What the exercise asks: After locating the line that contains "Blusa estampada elegante con lazo", transcribe exactly that line and each one after it until the data ends, skipping pictures.

Available data:

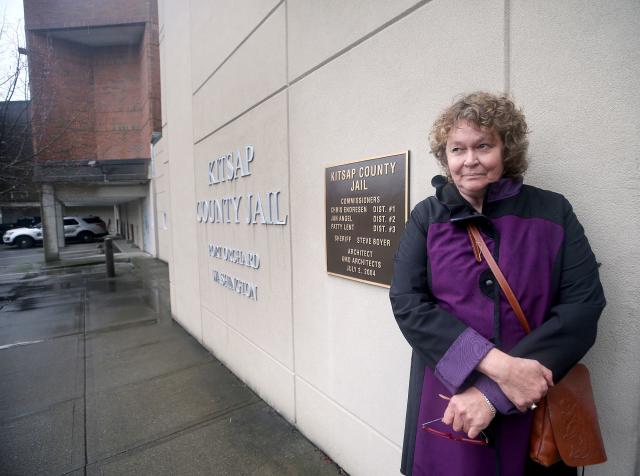 Carol Carlson stands outside Kitsap County Jail on Dec. 28, 2018, in Port Orchard, Washington. She had been accused of drunken driving about a year ago and placed in jail for a day but later was diagnosed with a stroke.
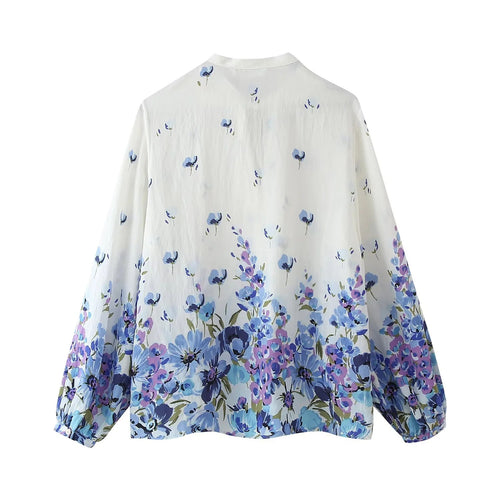 Blusa estampada elegante con lazo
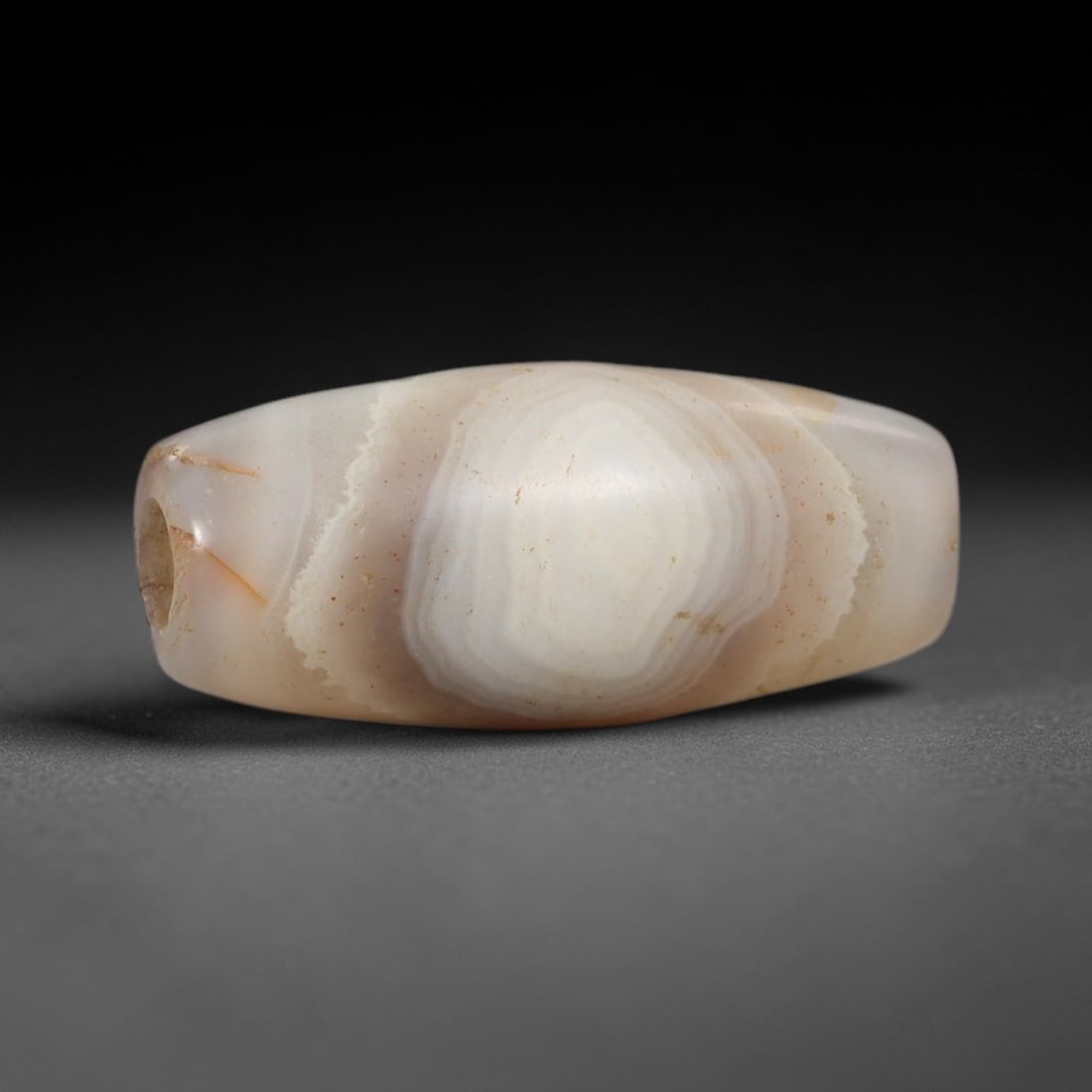 Ancient Banded Agate Bead - Silk Road Indus Valley Bicone Bead, 19BC: Carved from banded agate, the bead is fashioned in a slender bicone form, with a central drilled perforation for suspension. The stone exhibits a striking concentric "eye" banding pattern in milky whi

Result of this task:
 Blusa estampada elegante con lazo
 Ancient Banded Agate Bead - Silk Road Indus Valley Bicone Bead, 19BC: Carved from banded agate, the bead is fashioned in a slender bicone form, with a central drilled perforation for suspension. The stone exhibits a striking concentric "eye" banding pattern in milky whi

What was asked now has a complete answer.